> **Work to be completed**
For the data below, transcribe the part that opens with the line containing "Once the graph" and closes with the line containing "As the team", exactly and with no pictures.

━━━━━ Data to process

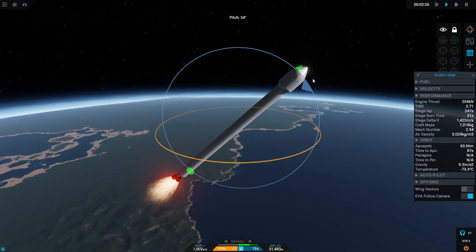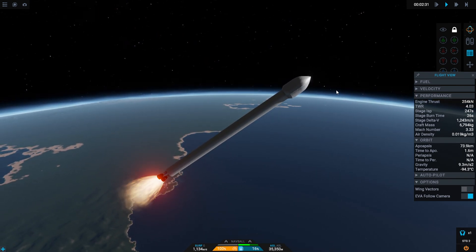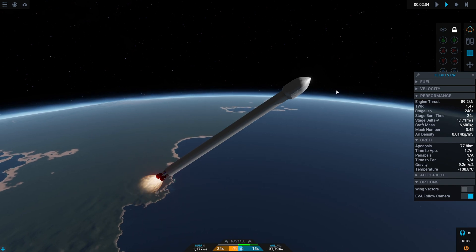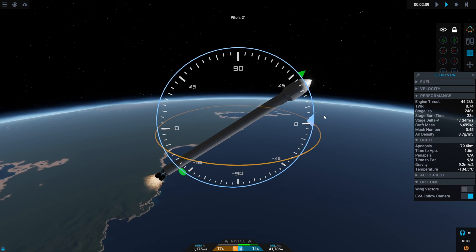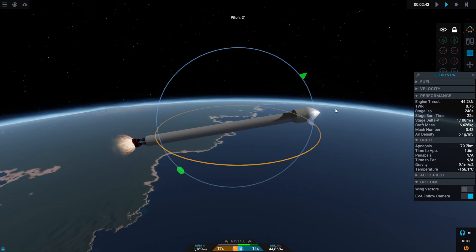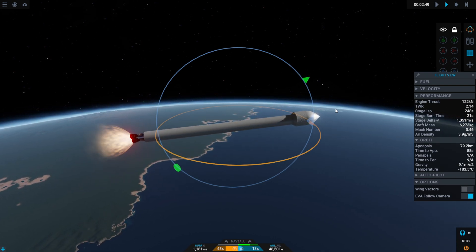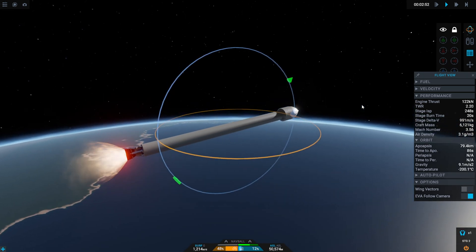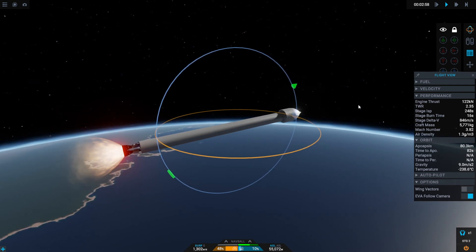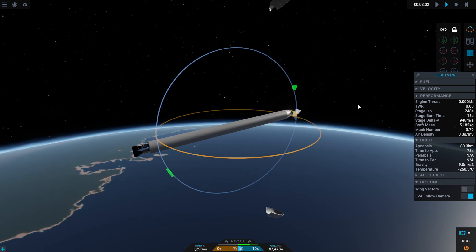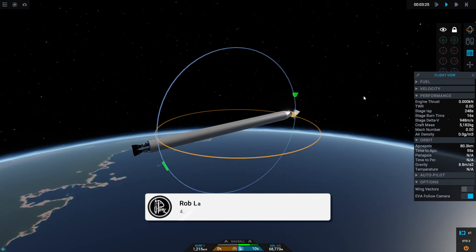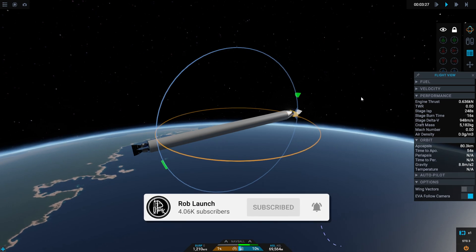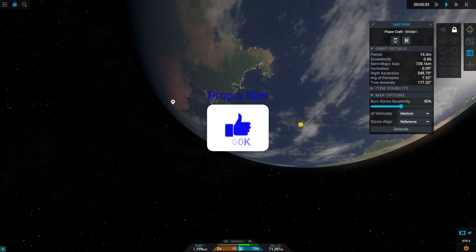We're getting up to 60 now. 70. Right, okay, slow it down. Slow it right down. I think we're going more or less horizontal. Oh, we are rapidly running out of fuel. Let's get rid of that fairing.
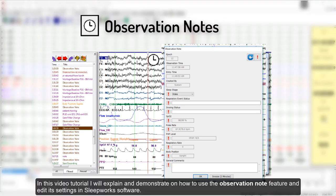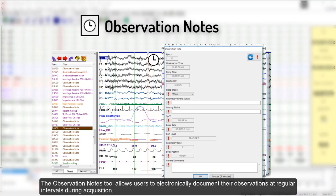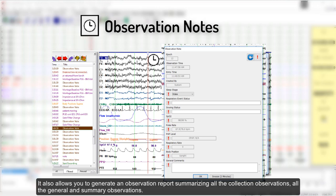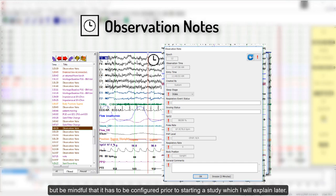In this video tutorial, I will explain and demonstrate how to use the Observation Node feature and edit its settings in SleepWorks software. The Observation Node tool allows users to electronically document their observations at regular intervals during acquisition. It also allows you to generate an observation report summarizing all the collection observations, all the general and summary observations. The information collected in the observation nodes and the intervals at which the node appear are customizable, but be mindful that it has to be configured prior to starting a study.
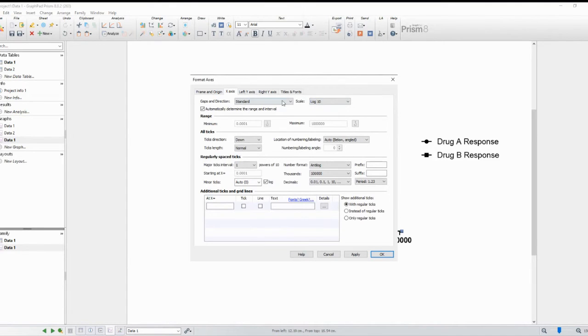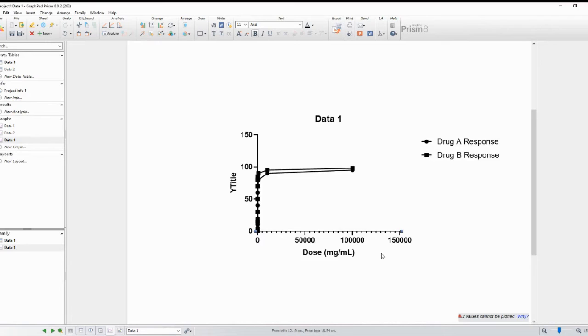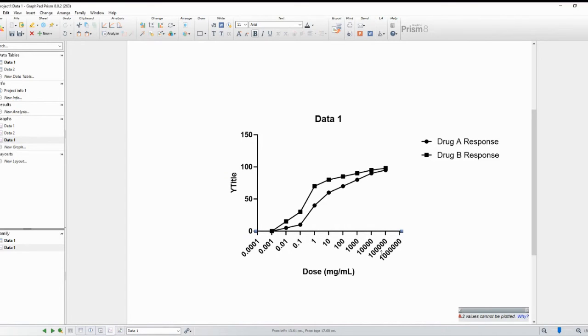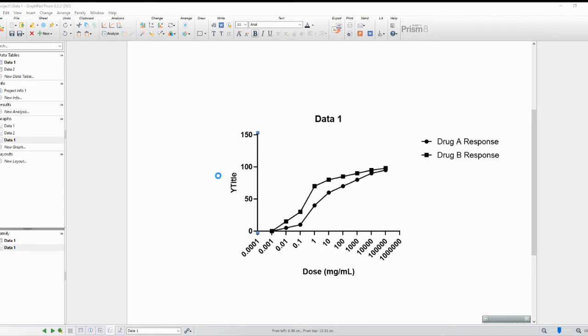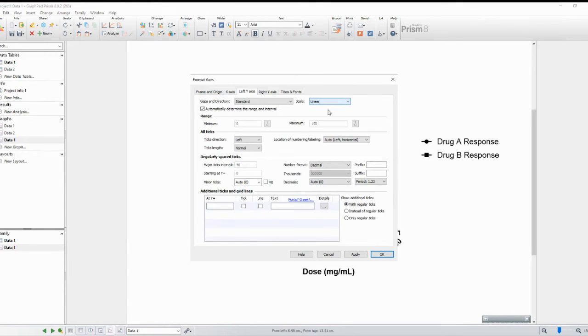Once the graph is generated, double-click on the X-axis and make the scale logarithmic. Additionally, you can double-click on the Y-axis to make 100 the maximum value. You can then double-click on the graph and make the different drugs have different colors.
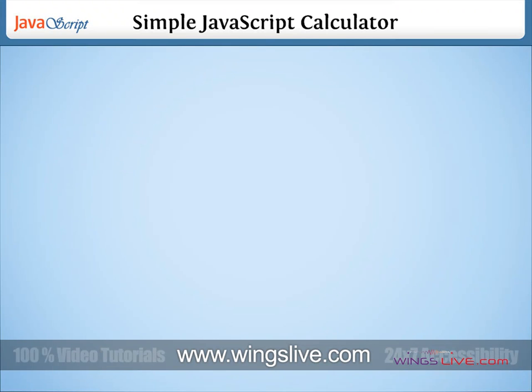Simple JavaScript Calculator. Here we are going to discuss how to create a simple mathematical calculator in JavaScript. Before getting into the program part, let's discuss one of the important predefined functions in JavaScript called eval.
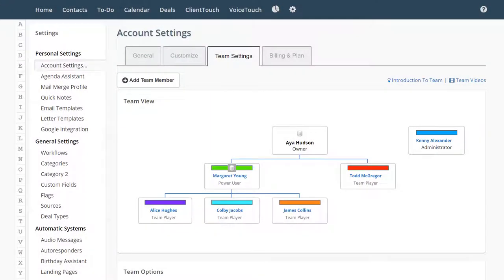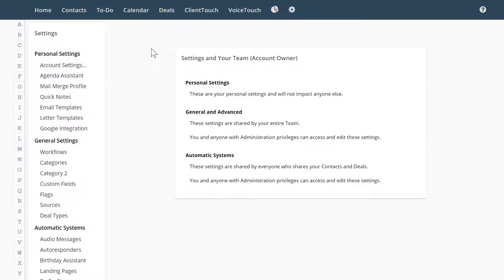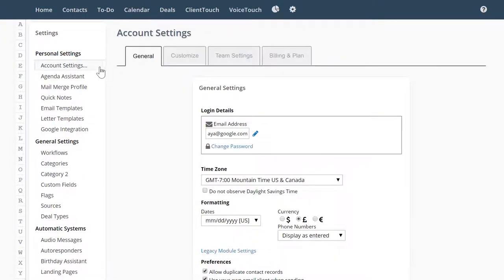As the team leader or account owner, you have complete control of what your team members can and cannot do in the system. Go to Settings, Account Settings, and then Team Settings.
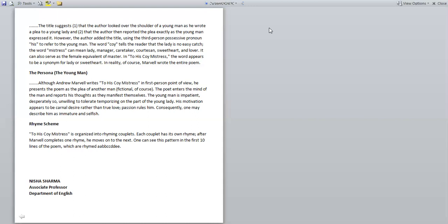Rhyme scheme. 'To His Coy Mistress' is organized into rhyming couplets. Each couplet has its own rhyme. After Marvell completes one rhyme, he moves on to the next. One can see this pattern in the first ten lines of the poem which are rhymed: A A B B C C D D E E.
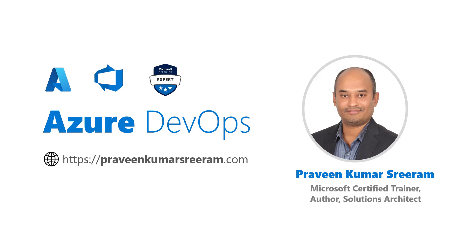Hello everyone, welcome back. My name is Praveen Kumar Sriram. I'm a Microsoft Certified Trainer, Author, and working as a Solutions Architect in Azure.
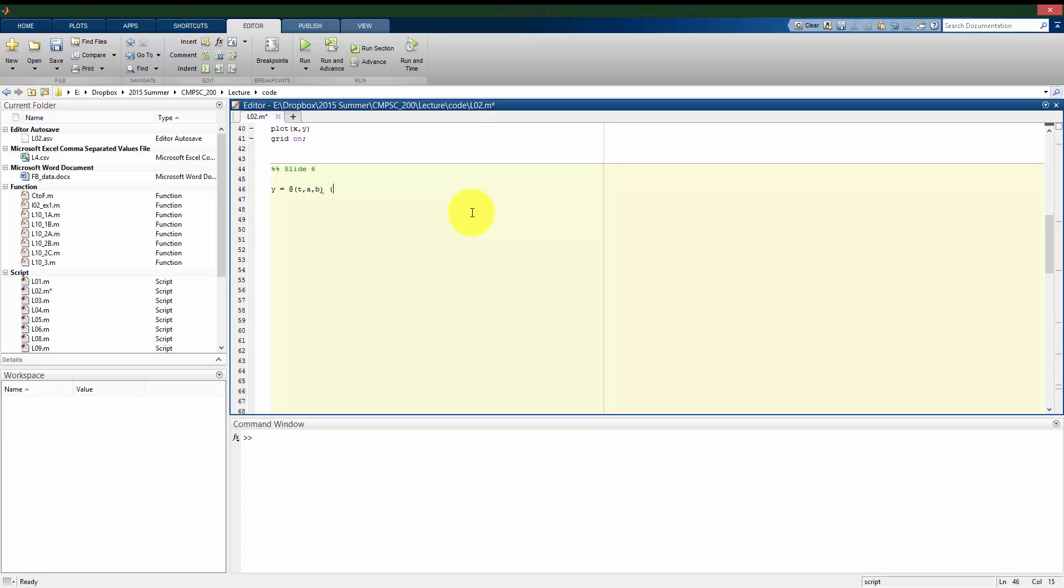So to construct this, I need t plus a. I'm going to be putting in a vector value for t, so right away I know I have to use the dot times, because t plus a is going to be a vector.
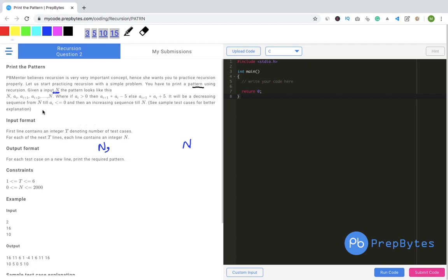Let's look at the sample test case. For N = 16, the output is 16, 11, 6, 1, -4, 1, 6, 11, 16. So A[i+1] = A[i] minus 5 for A[i] greater than 0: 16 minus 5 is 11, 11 minus 5 is 6, 6 minus 5 is 1, and 1 minus 5 is -4. As soon as we get something less than 0, we start adding 5: -4 plus 5 is 1, 1 plus 5 is 6, 6 plus 5 is 11, 11 plus 5 is 16.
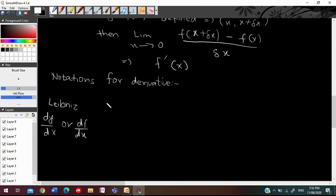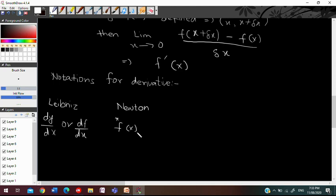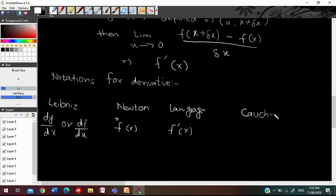The second notation is Newton's, where we simply write f of x with a dot. The third is Lagrange's notation, of the form f prime of x, which I have used here. The last is Cauchy's notation, where a capital D is used for the derivative of x. These are the four different notations we use for derivatives.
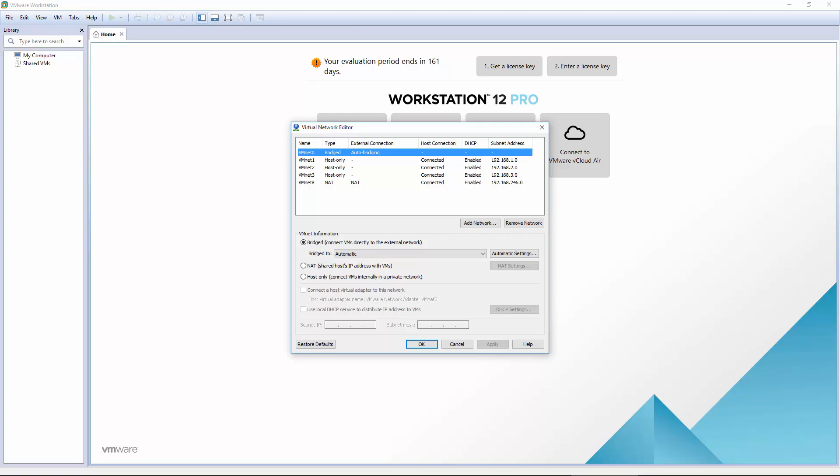That's the first lab, and that's the preliminary setup of our network for vSphere 6. Thanks.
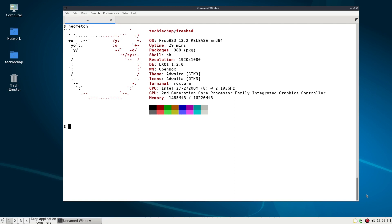Hello and welcome to TechieChap. In today's episode I'm going to be taking a look at LXQT.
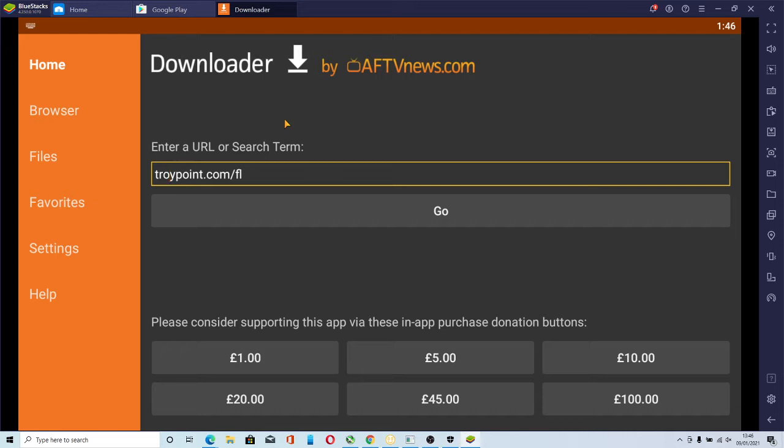It's very simple. You just go to downloader, download it, follow the steps. You have to go into your settings and accept ADB debugging.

━━━━━━━━━━

> **Response to the task**
Once the graph is generated, double-click on the X-axis and make the scale logarithmic. Additionally, you can double-click on the Y-axis to make 100 the maximum value. You can then double-click on the graph and make the different drugs have different colors.
Simple JavaScript Calculator. Here we are going to discuss how to create a simple mathematical calculator in JavaScript. Before getting into the program part, let's discuss one of the important predefined functions in JavaScript called eval.
As the team leader or account owner, you have complete control of what your team members can and cannot do in the system. Go to Settings, Account Settings, and then Team Settings.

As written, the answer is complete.